この草稿の持ち主は、ロック・ジャーナリズムの草分け的存在、アル・アロノヴィッツだった。彼は1964年にボブ・ディランをザ・ビートルズに紹介したことでも知られている。
ジュリアンズ・オークションの資料によると、アロノヴィッツは1973年11月のサンデーニュースに、この草稿が生まれた場面をこう述懐した。

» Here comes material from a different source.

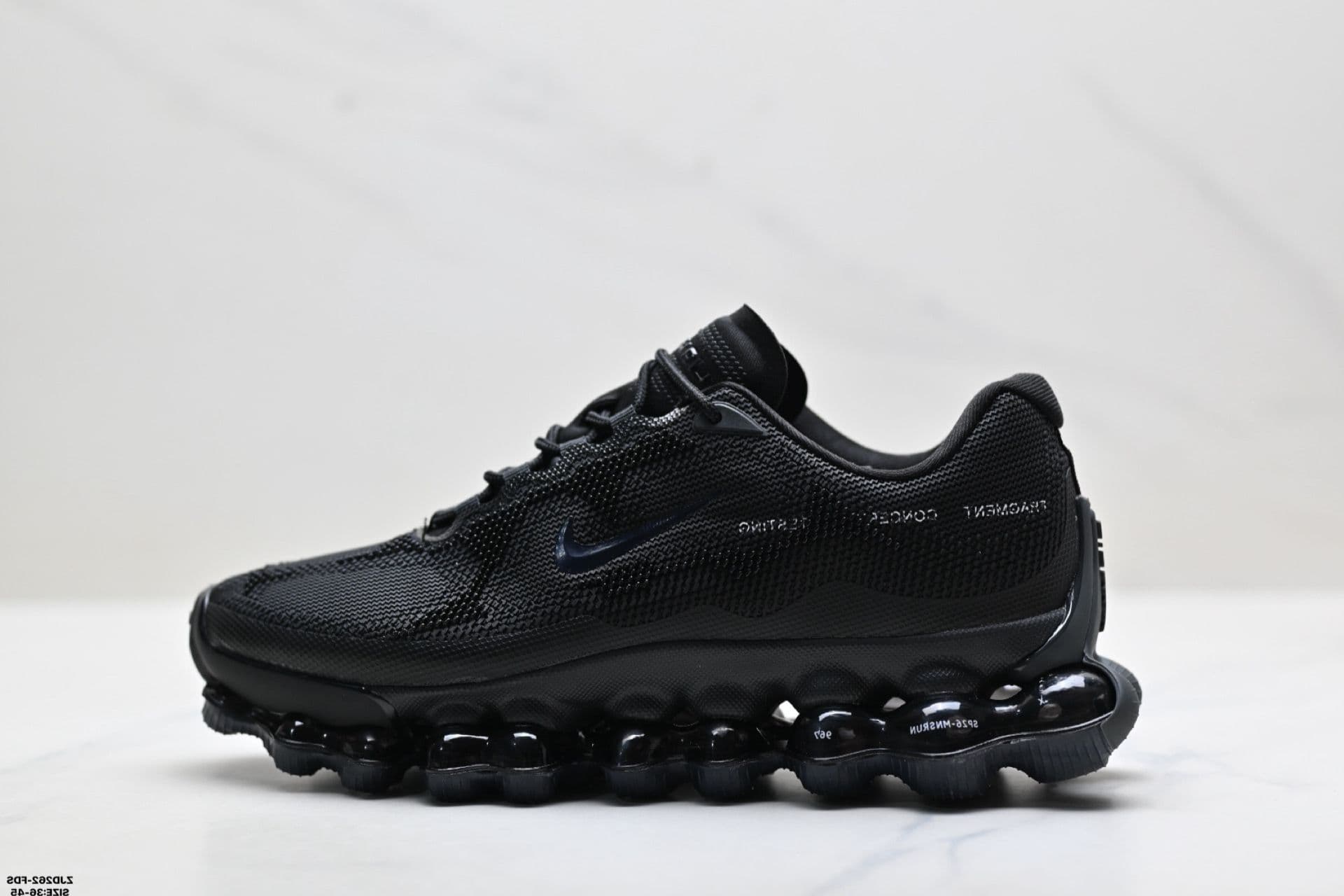 Nike Air Liquid Max Triple Black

「ボブ・ディランはニュージャージー州バークレーハイツにある私の家で、ある夜、ポータブルタイプライターの前に座って『ミスター・タンバリンマン』を書いた。彼の骨ばった長い爪の指が、カナリア色の『サタデー・イブニング・ポスト』のコピー用紙に言葉を打ち出していた。(中略)朝食バーには、書きかけの原稿が山のように捨てられていた。それをゴミ箱に捨てようと裏口から外に出したとき、ささやきかけるような感情が私を捕らえた。私は、くしゃくしゃに丸められた『ミスター・タンバリンマン』の草稿を取り出し、それを伸ばして、狂気じみた躍動する歌詞を読み、着地することのない飛躍に微笑み、それをファイルフォルダにしまった。今でもどこかにその紙がある」
アロノヴィッツが2005年に死去した時、仕事に関する資料が250箱も遺された。草稿は、アロノヴィッツ自身も生前に探したが見つからず、息子のマイルズが何年もかけて資料を整理した中でも見つけられなかった。だが最近、マイルズが妻と改めて資料を見直したところ、草稿を発見したという。
夫妻は、スケッチや写真など、1960年代のディランにまつわる資料とともに草稿をオークションに出品。50万ドル(約7800万円)という驚きの価格で落札された。
ディランの作品に関する授業を行うハーバード大学の古典文学教授、リチャード・トーマスによると、この草稿はかなり貴重なものだという。トーマスは、「本当に衝撃的です。この草稿は天才の仕事のやり方を明らかにしているのです」と語る。
夫婦はアロノヴィッツの遺産をまたオークションに出品する予定だが、資料をまとめて図書館や博物館に寄贈したいとも考えている。